While registered with the Health and Care Professions Council as a Hearing Aid Dispenser:

1. On or around 12 January 2016, whilst attending to Service User A:

(a) completed an incorrect audiogram for Service User A;

(b) relied on an incorrect audiogram;

(c) did not mask Service User A’s left ear;

(d) did not mask Service User A’s bone conduction testing;

(e) did not give adequate consideration to the possibility that Service User A may have had non-organic functional hearing loss.

2. On or around 12 January 2016 you:

(a) provided a hearing aid for Service User A’s right ear when it was not clinically justified;

(b) provided a hearing aid and/or aids for Service User A which had been programmed to provide too much amplification without giving due consideration as to whether the hearing thresholds were correct.

3. On an unknown date in April or May 2016, you attended to Service User B and you conducted a hearing test and did not identify that he had wax in his ears.
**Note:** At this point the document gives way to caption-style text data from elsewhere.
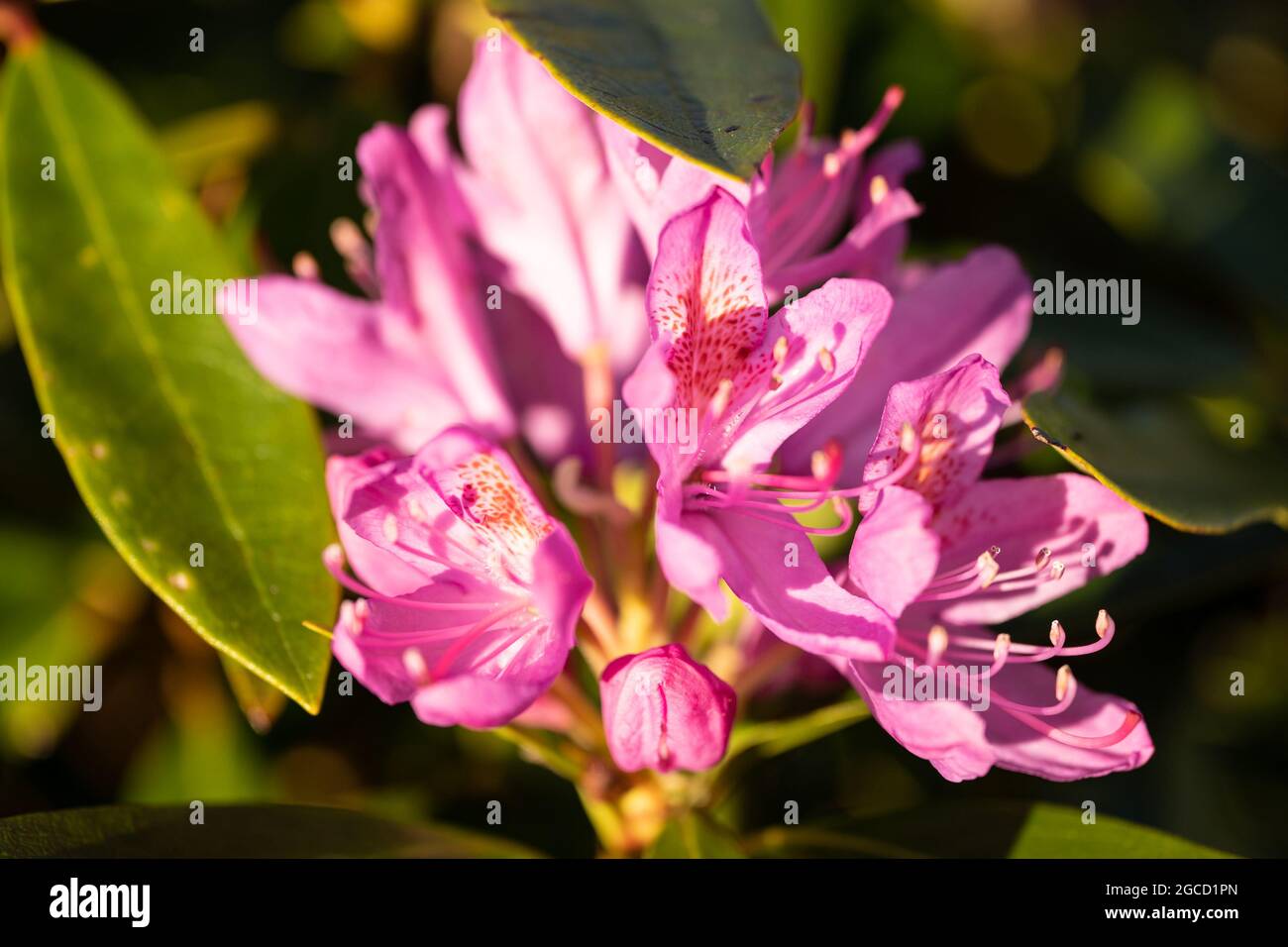 Fiori di rododendro rosa che fioriscono alla luce naturale del sole sull'Isola di Carna Foto Stock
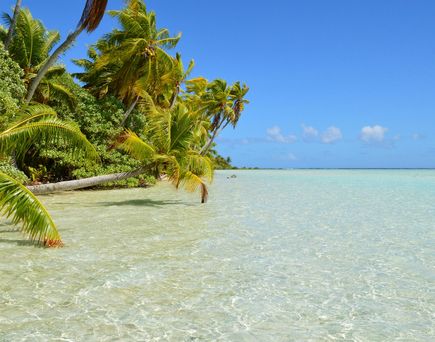 LF_Rangiroa_Strand_Franzo╠êsisch-Polynesien_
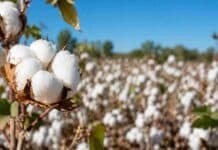 Un algodón que no existe en ningún otro país del mundo acaba de ser desarrollado en Argentina Cultivo de algodón en Chaco con capullos abiertos en primer plano, representando una nueva variedad resistente a herbicidas imidazolinonas.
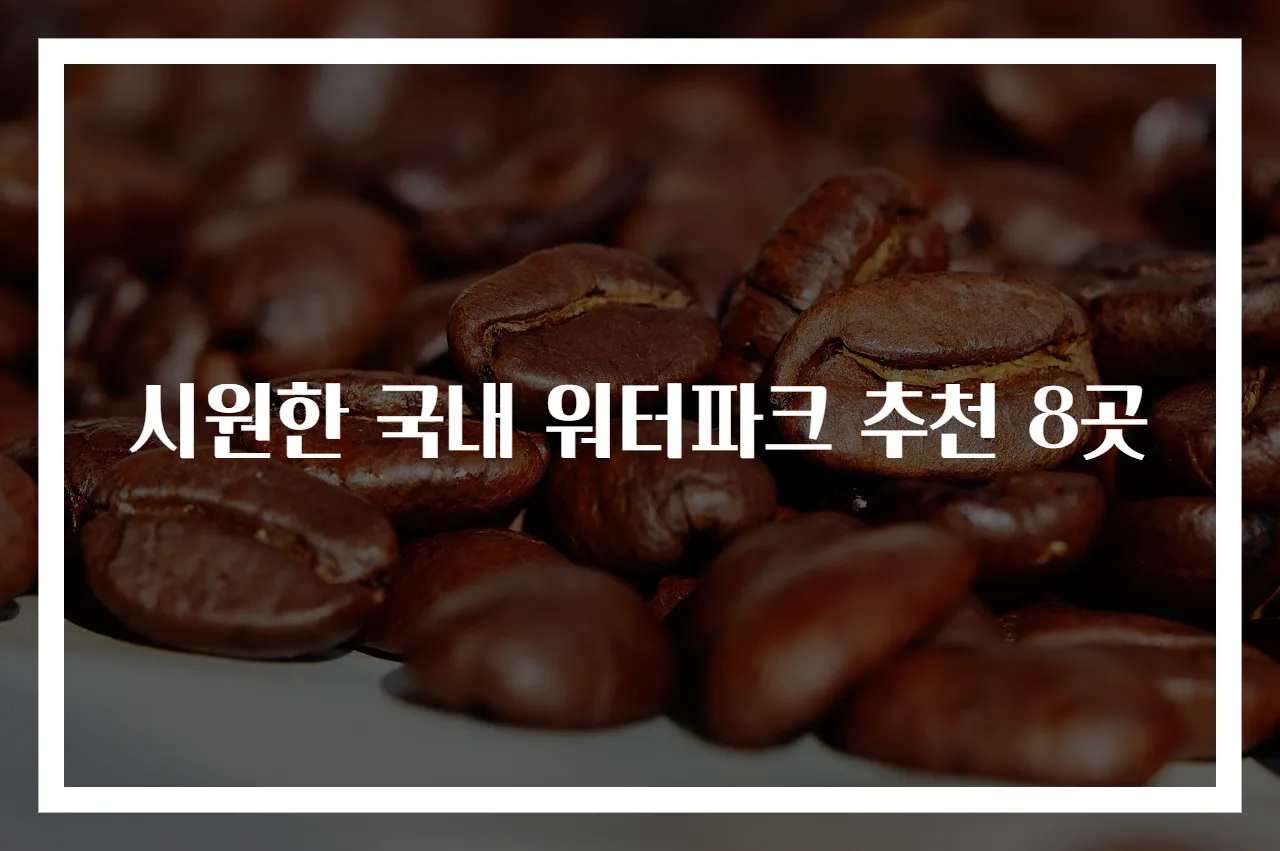 시원한 국내 워터파크 추천 8곳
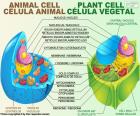 Cellule animale et végétale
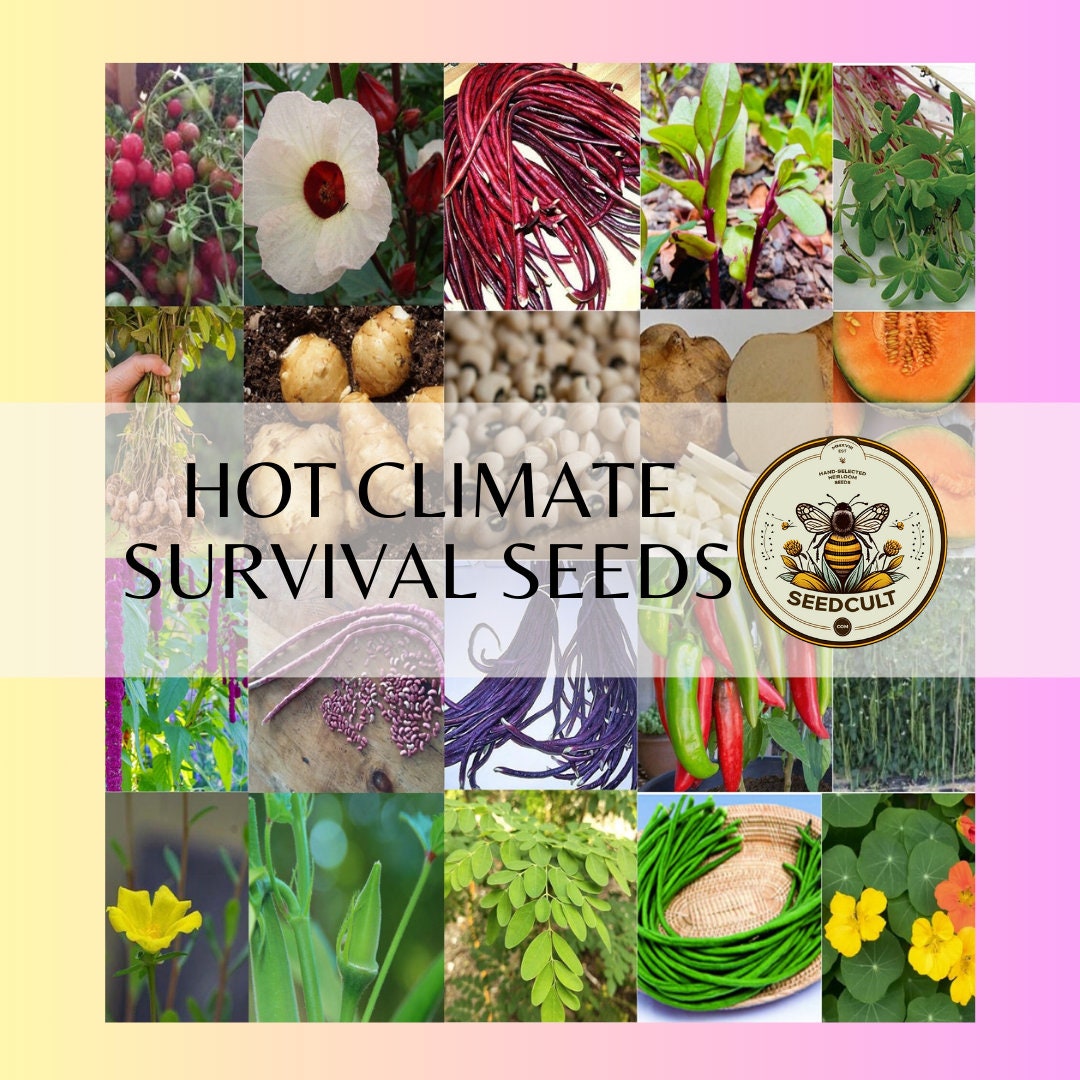 HOT CLIMATE Survival Seed Kit over 1,600 seeds in Resealable Mylar with Oxygen pack and Dwarf Moringa, Fl, Tx, La, Ca, Az, Nv, Hi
4. You provided misleading information on your website which stated that:

(a) you are the Chairman of the British Tinnitus Association IOM Support Group;

(b) you are the Chairman of the Island Tinnitus Association, whereas this organisation does not exist;

(c) “We are the Island’s most experienced team, “dedicated to caring for its clients for over 20 years””, when your practice was only established in 2013;

(d) a picture on your practice website indicates that your practice was “celebrating over 20 years of hearing care excellence” between 1995 and 2015” which was not the case as the practice was not established until 2013.

5. In various correspondence dated January 2016, you referred to yourself as a “Senior Audiologist” which is misleading as you are a Hearing Aid Dispenser and/or Hearing Aid Audiologist.

6. Your actions described in paragraphs 4 and 5 were dishonest.

7. The matters set out in paragraphs 1 – 6 constitute misconduct.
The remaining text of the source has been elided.